Many personal finance articles try to get people to believe that very minor changes, such as skipping the morning latte at Starbucks, will lead to financial freedom. While small steps do indeed help, the fact is that many of us should be looking at the big ticket items in life first because that is where smart changes can have the most significant impact. A small number of good decisions on the big expenses in life, such as housing and transportation, will outweigh the effect of a hundred minor decisions. If your boat is sinking, you want to find the source of the big leaks immediately.
One of the most popular websites devoted to personal finance is Mr. Money Mustache, and if you aren’t familiar with the site already, you should probably click on the link and spend a few hours reading it before spending much more time here. One of the recurring themes over the years has been MMM’s focus on making smart choices when it comes to transportation. He advocates using human powered modes of transportation (walking and cycling) when possible, resorting to motor vehicles only rarely and efficiently.
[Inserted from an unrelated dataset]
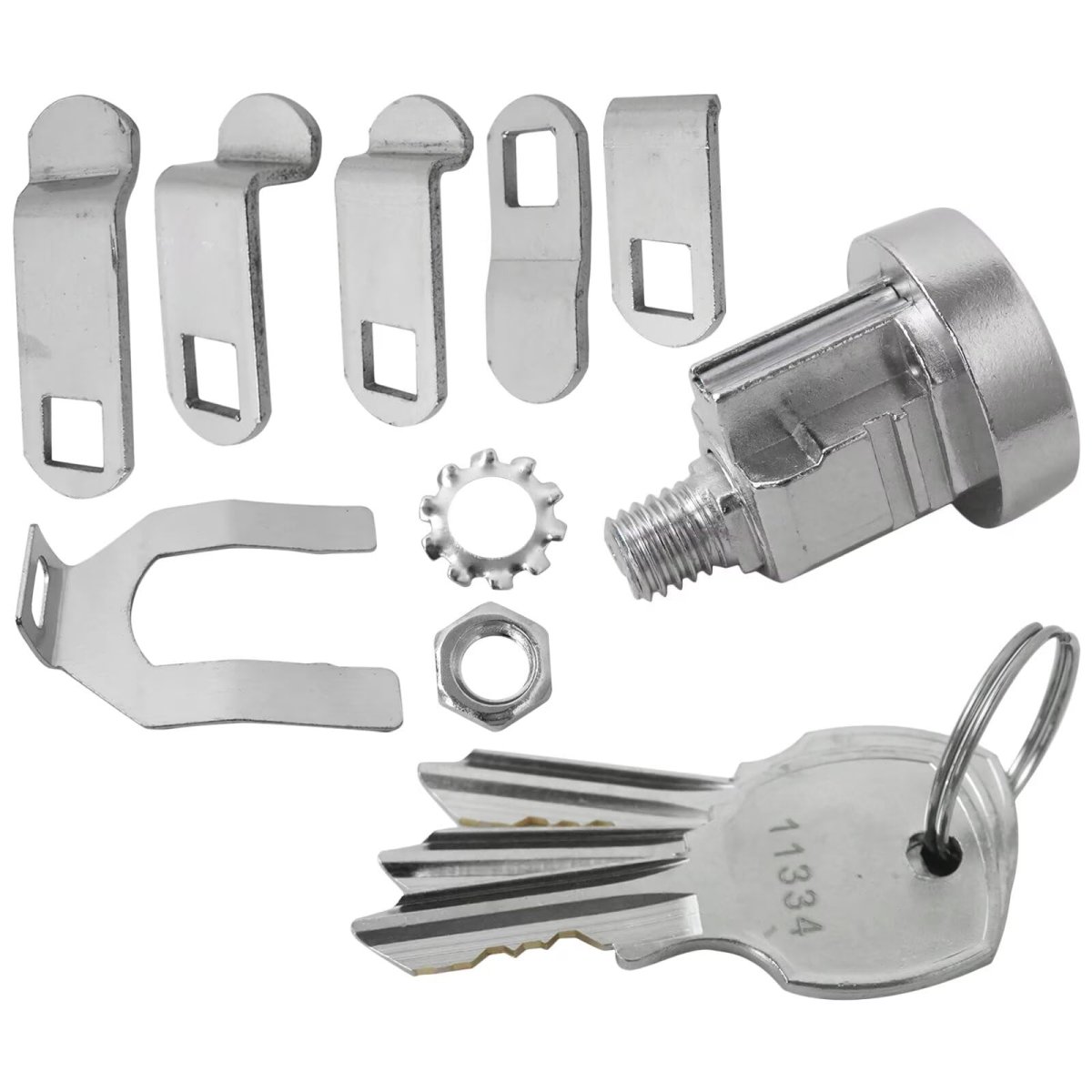 Mailbox Lock With Key Fit For L-1172c Nickel Finish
MMM’s concept of the “car clown” culture in the United States may seem judgmental, but if you think about it, people do some crazy things with their cars. Probably one of the most ridiculous examples involves how people take their children to school. When I was a kid in the 1980s, it was common to walk or bike to school, but these days, the number of people queuing up in long lines to drop their kids off and pick them up has reached epic proportions in many places. People will get in their cars and drive a mile or two, and then sit in a long line with their engines running to drop off or pick up their kids, who are no doubt learning that cars are preferable to using any form of human power to get anywhere, to say nothing of the hypocrisy of people who claim to worry about climate change but do nothing to lower their personal carbon footprint. Driving a mile to the grocery store, using drive thru lanes instead of walking into a restaurant, and voluntarily choosing to spend an hour or more of one’s life every single day in a soul crushing commute defies logic.
If we had to construct our perfect existence from scratch, how many of us would choose to adopt this type of behavior? Aren’t many of us trapped in this car culture based mostly on habit and because “that’s the way everyone else does it”?
Why Go Car-Free?
Like many other people who grew up in the suburbs in the late 20th century, I never gave any thought to these questions. Everyone waited eagerly for their 16th birthday and the idea that buying a car was a necessity was obvious. Although walking and biking to school was normal, kids who did so after turning sixteen were not admired. A car was a sign of personal freedom. I purchased my first car before I turned sixteen and have owned five different vehicles since that point, including one absurdly ridiculous vehicle that I’ll probably discuss at some point in the future. But in late 2014, I sold my car and have been happily car free for well over two years enjoying the financial and health benefits associated with freedom from the car clown culture.
Why did I do it?
Not really for the money, at least not out of necessity or due to financial duress. I could easily afford to go out and purchase a $30,000 or even $50,000 vehicle this afternoon for cash and it wouldn’t materially change my financial life. However, I am an advocate of efficiency and simplicity in life – that’s the Spartan mindset. I don’t like clutter and I’m annoyed by the idea of having possessions that do not provide sufficient enjoyment to justify their cost. So I sold my 2008 Ford Mustang GT for $13,850 to a neighbor in my building in December 2014.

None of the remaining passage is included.